How to Use Soft Metrics to Develop Your Team's Skills
Discover why soft metrics outperform hard metrics for skill development. Learn how to set, evaluate, and discuss qualitative performance metrics using the bad/good/great framework.
2025-03-15 by Luca Dellanna
Most managers excel at tracking hard metrics—revenue, production volume, and profit margins. Yet the metrics that often drive the most significant improvements in team performance are frequently overlooked: soft metrics.
Hard vs. Soft metrics
Hard metrics are quantifiable and objective—revenue generated, units produced, customer acquisition costs. Soft metrics are qualitative assessments of performance areas like meeting effectiveness, communication quality, and team collaboration.
Whenever I mention that managers should pay attention to both hard and soft metrics, I often get a divided reaction. Half of the audience nods, knowing how important discussing soft metrics is to develop talent and improve effectiveness at what would otherwise be neglected. The other half frowns, anticipating uncomfortable conversations and subjective disagreements.
However – and this is critical – this only happens if you discuss soft metrics infrequently, say, once a quarter or less. In this case, I agree: you and your subordinate will likely differ in your assessment of how well they performed against a soft metric. Even worse, if this discussion takes place during a formal performance review, the risk that it leads to defensiveness, blame, or frustration is high.
But if you discuss soft metrics frequently (at least once a month) and you do it in informal settings (say, at the end of a one-on-one meeting on another topic), the conversation will be more open and constructive.
The Superiority of Soft Metrics for Skill Development
Soft metrics are exceptional tools for developing skills and effectiveness. Allow me a basketball example: if a player struggles with scoring, setting a hard metric like "points per game" only helps if their limitation is motivation. If their shooting technique needs improvement, this metric may actually encourage counterproductive behaviors, such as taking poor-quality shots to meet their target. Conversely, a soft metric like "shot selection quality," discussed frequently after games and practices, addresses the underlying skill gap and leads to sustainable improvement.
How to Set and Evaluate Soft Metrics Effectively
Soft metrics require more definition than hard ones. When you set a hard metric like "$5M in revenue," the meaning and measurement are clear.
Conversely, when you set soft metrics, you cannot assume that your delegee knows what a good outcome means. For example, what does “running effective meetings” look like?
The key is to give examples of what the good and the bad would look like. What does it look like when meetings are run ineffectively? And what does it look like when they are run effectively?

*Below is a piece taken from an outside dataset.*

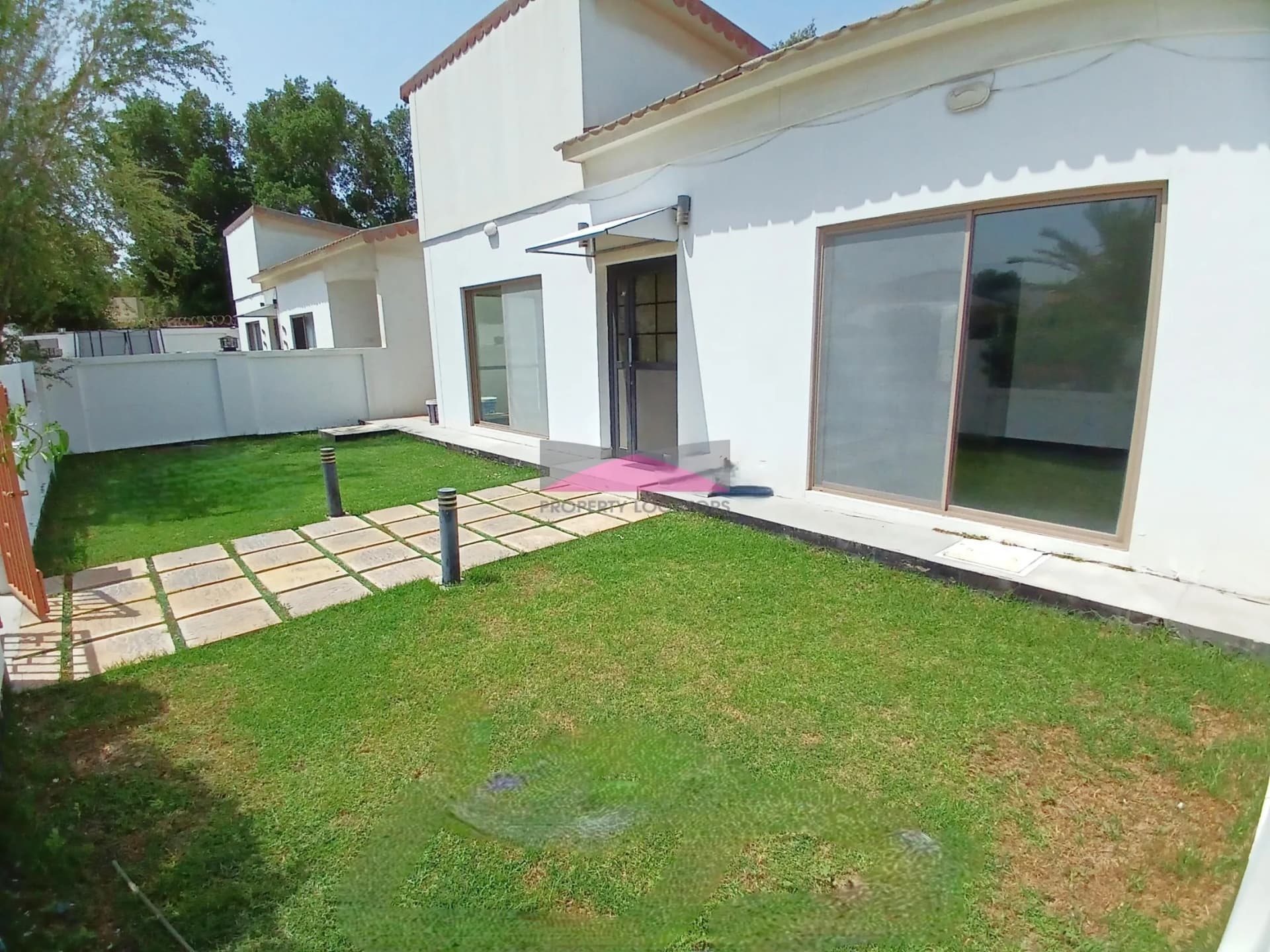 RENOVATED 3 BED COMPOUND VILLA IN MAQABAH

Even better, I like to use my “bad/good/great” framework, which also includes what great performance would look like.
Finally, avoid the temptation to measure soft metrics using hard outcomes (e.g., measuring meeting effectiveness by project completion rates). While convenient, this approach fails to develop the specific skills that need improvement.

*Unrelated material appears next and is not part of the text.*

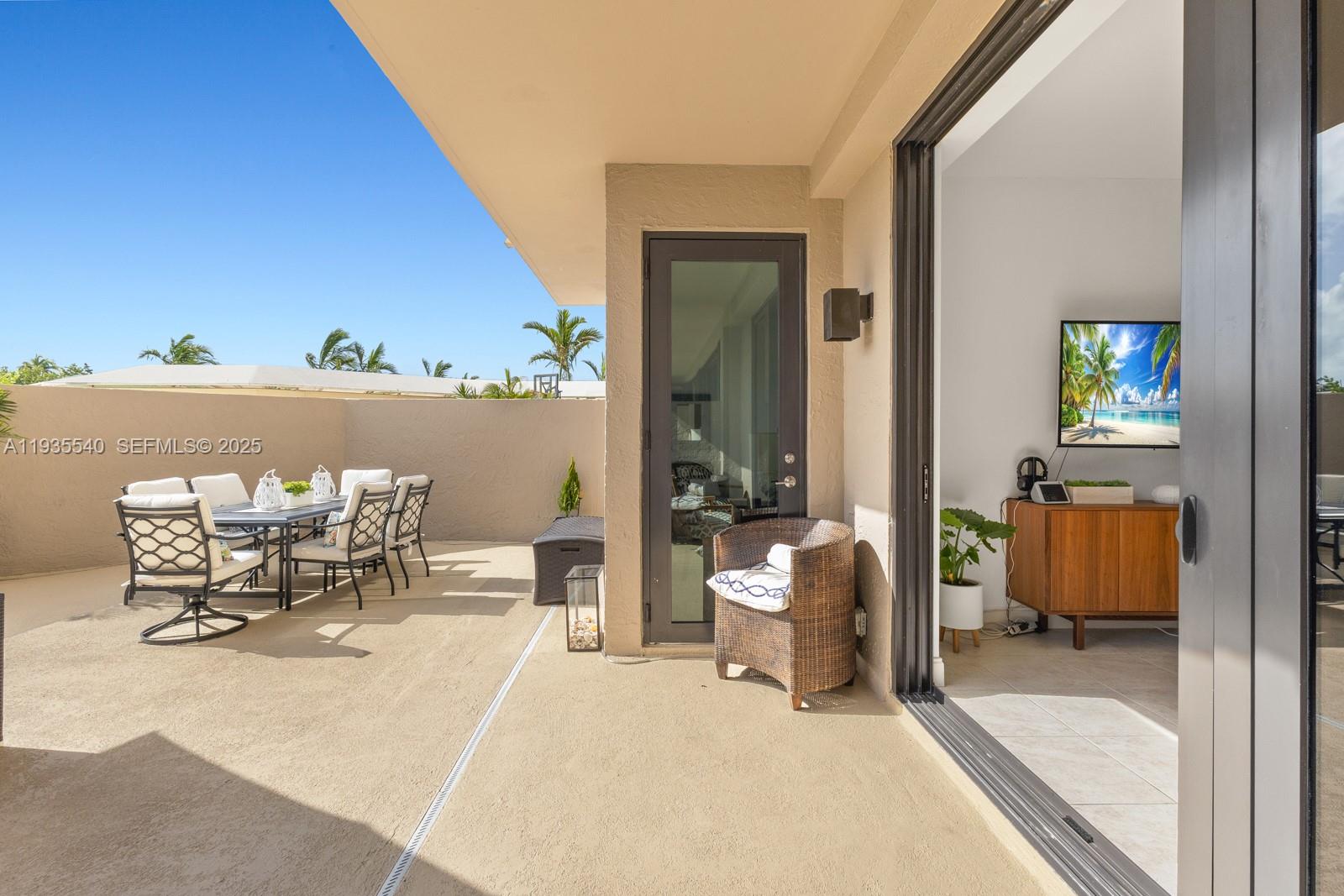 151 Crandon Blvd #127 Key Biscayne, FL 33149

Examples of Effective Soft Metrics
Here are concrete examples of soft metrics with the bad/good/great framework:
Meeting Effectiveness:
- Bad: Meetings run over time, lack clear agendas, participants are unprepared, decisions are unclear
- Good: Meetings start on time with a clear agenda, relevant people attend, decisions are documented
- Great: Meetings achieve progress, and people look forward to attending them, as opposed to seeing them as a distraction from their core job
Communication Quality:
- Bad: Emails are unclear, require multiple back-and-forths to understand, use jargon without explanation
- Good: Messages are clear and concise, key points are highlighted, context is provided when needed
- Great: Communication anticipates questions, provides all necessary context upfront, uses the appropriate medium for the message
Problem-Solving Approach:
- Bad: Jumps to solutions without understanding the problem, doesn't consider multiple options
- Good: Defines the problem clearly, considers a few alternatives, explains reasoning for chosen solution
- Great: Validates assumptions talking with the people directly involved, deeply understands root causes, evaluates trade-offs systematically, anticipates second-order effects
Principle
Soft metrics work best when discussed frequently in informal settings, not saved for quarterly reviews where they create defensiveness.
Conclusion
Complement your hard metrics with carefully selected soft metrics to support your team's development. Provide concrete examples of what bad, good, and great performance looks like for each soft metric. Most importantly, discuss performance frequently in low-pressure settings rather than saving these conversations for formal reviews.
Implement this approach consistently, and within a few months, you will see both soft and hard metrics improve as your team develops new capabilities and greater effectiveness.